In mid-2000 she was in the Freeman Hospital in Newcastle for two months, where still nothing worked. From then until the start of September 2003, she stayed at home. She simply went nowhere. "The pinnacle of my ambition then was getting through the day and through the pain," she says. "All my friends were moving and getting jobs and I was just stuck. Any restful activity - watching TV, having a bath, reading, aggravated it. I was in agony and I didn't know why."

Then, in early 2003, the family heard of a hospital in Hemel Hempstead which specialised in ME and Ailsa had three two-week stays there. Her treatment there brought a slight relief - but in September she crashed dramatically, beginning her most agonising five months. Ailsa felt like she was being tortured. She never had a good day, she never had any respite. The pain was worse than it had ever been and she reached her lowest point. Even lying on her bed in a darkened room was torture. "I felt suicidal one day and the only reason I didn't do anything about it was that I didn't have the strength to go into the kitchen and get a knife," says Ailsa, for whom the memory is still raw and highly emotional. Then, in mid-January this year, at the end of her tether, Ailsa went to see spiritual healer David L Cunningham. It was to prove to be the beginning of the end of her illness - an illness which had beaten all the drugs the specialists had thrown at it.

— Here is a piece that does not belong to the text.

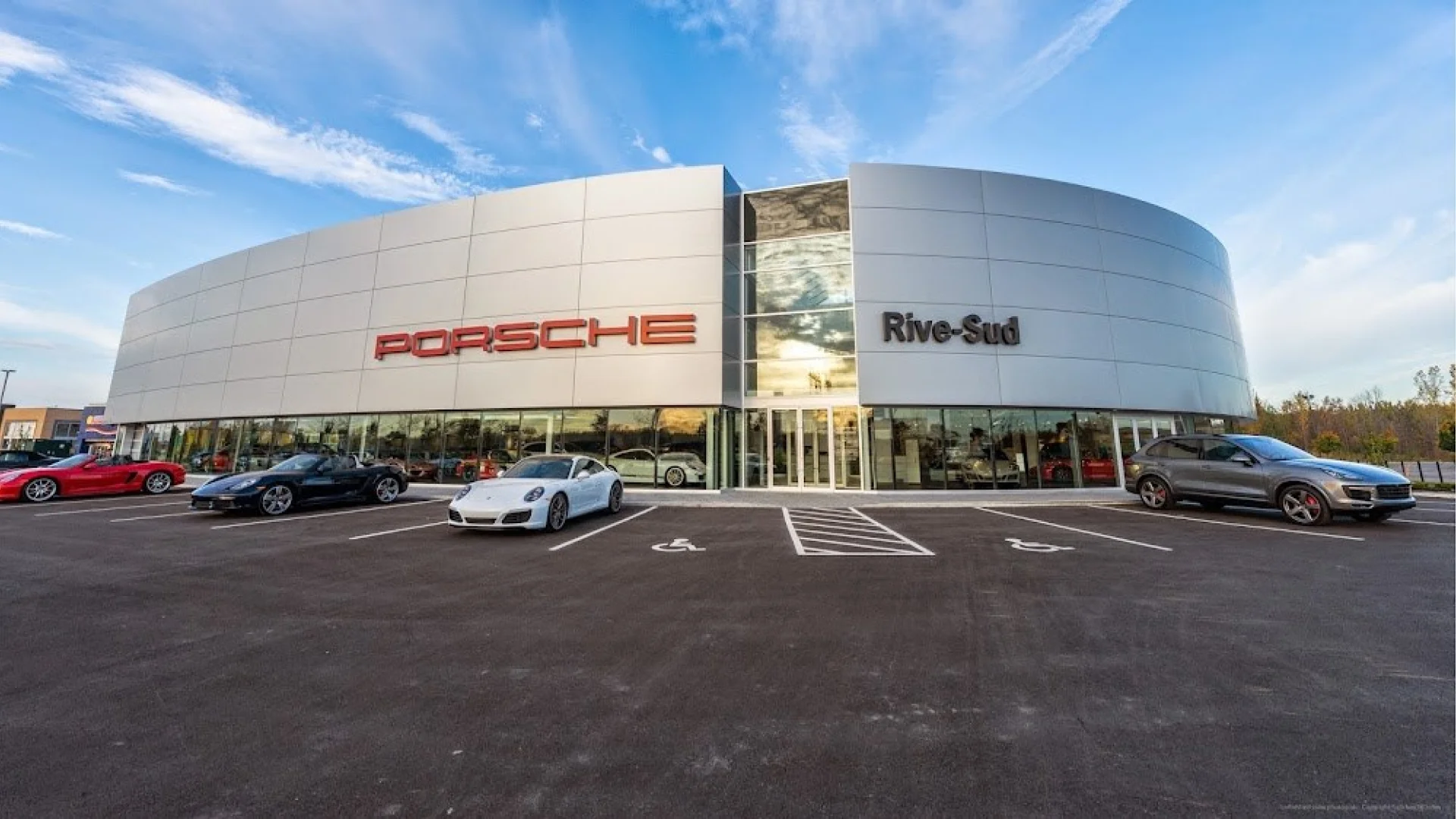 Porsche Rive-Sud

"After the first session the pain in my shoulders just went, just like that," she says. "I still had other pain, but that particular area eased completely. As the weeks went by, the improvement continued and, in addition, my way of looking at things totally changed.

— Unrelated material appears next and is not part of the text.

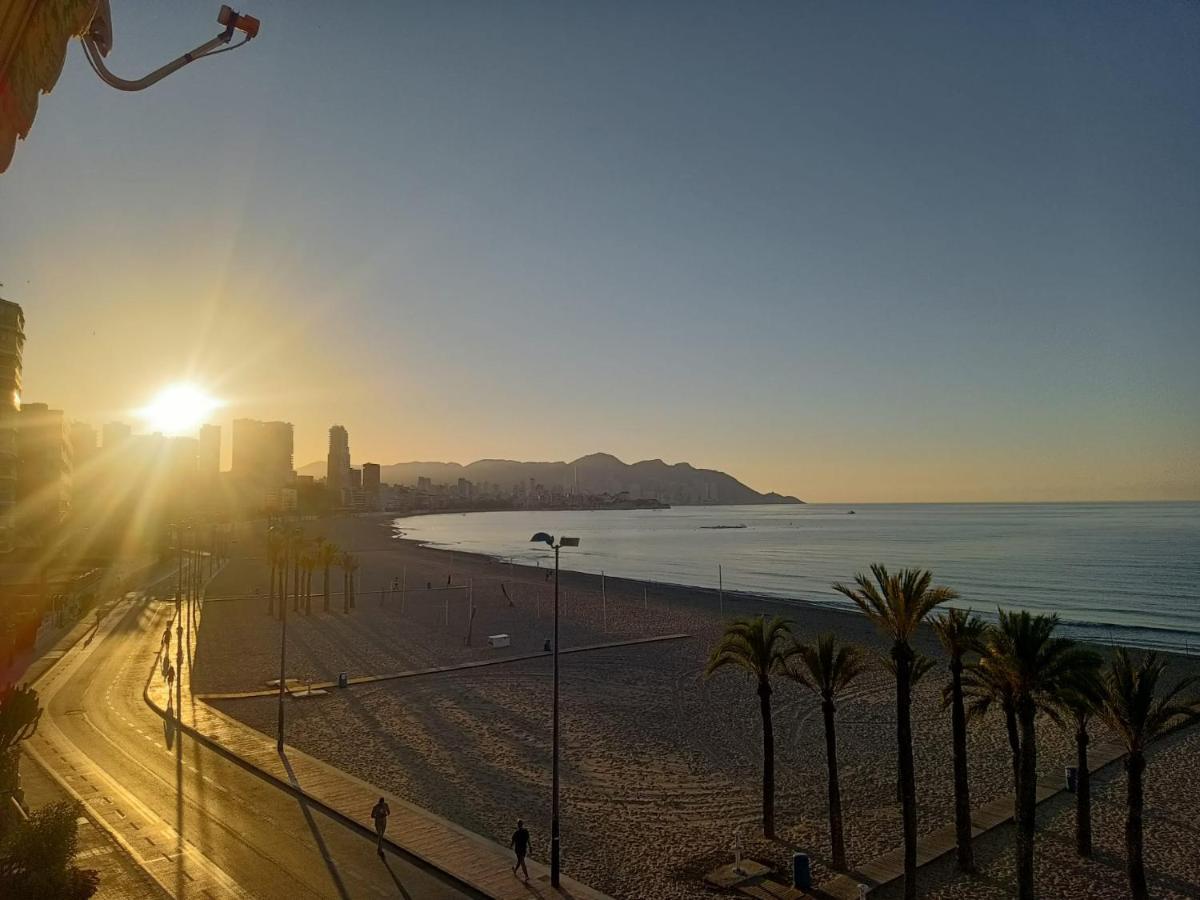 Casa Aina Lejlighed Benidorm Eksteriør billede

"Before the ME, I just worked so very, very hard, but at the same time I would always put obstacles in my way. I got fantastic grades, but was always looking to the next thing I had to achieve. In my first year at university I was already thinking about how hard I was going to have to work to go on to do an MA, a Phd. My boyfriend was verging on genius, my friends were hugely bright. I put all this stress on myself to be like them. It was ridiculous. I have learned through healing to stop thinking like that.

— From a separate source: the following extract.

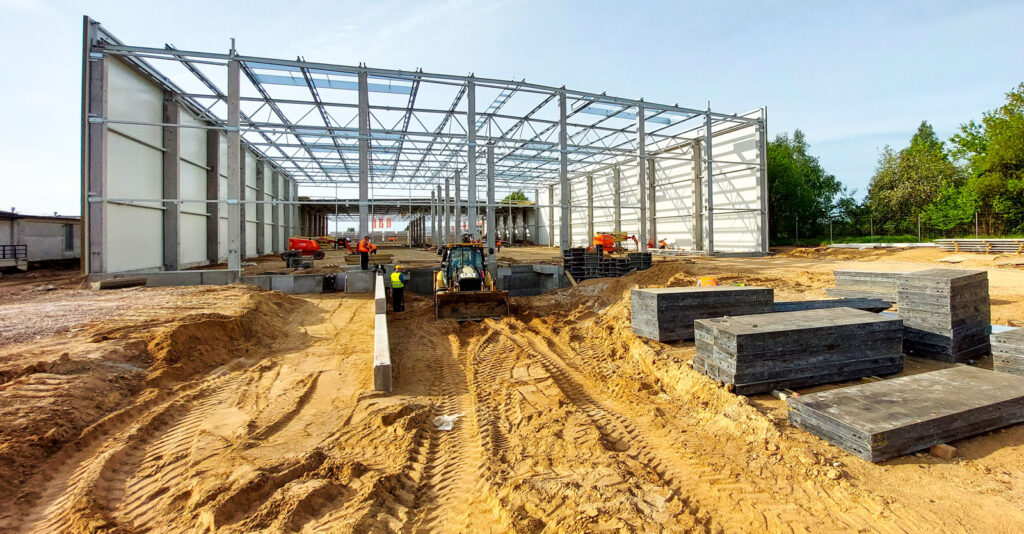 INTAP – hala dla producenta foteli autobusowych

"I was putting myself under so much stress that my body broke down. Now I have re-evaluated everything. I had spent years beating myself up, because I always wanted to be better, cleverer. It just seemed that all my friends were so fantastically able and I was killing myself to be half as good as them. I got great grades, but thought I wasn't really that bright because I had to work so hard. Now I know that being horrible to yourself and being pessimistic is not the way to live." Now free of ME and self-imposed stress, Ailsa is amazed by what she can get out of life. "I can walk from one end of Newcastle to the other. I can go out to lunch. I can telephone my friends for hours," she says, amazed that these everyday activities are open to her. "I'm able to be independent and I'm looking for a part-time job. I've even signed up for classes in Tai Chi and stained glass windows for beginners, just for fun. I can go outside and appreciate the colours of the world. None of this would have been possible before."

What is also interesting is that these everyday things weren't important to Ailsa before her illness, because her priorities were so skewed. "I can now go to the beach and watch the waves, I can go and wander round the MetroCentre with my mum, I can sit in the garden. But before my illness I didn't do those things as much as I should, because I was always worrying about things, about my work, about trying to be as fantastically bright as everyone else. Now I would never, ever go back to university. I was your average pessimist and imposed all that stress and negative feelings on me. I looked on the black side of everything.

"Now, all I see is joy and colour in everything. I don't want to sound wacky, but there has been a miracle here."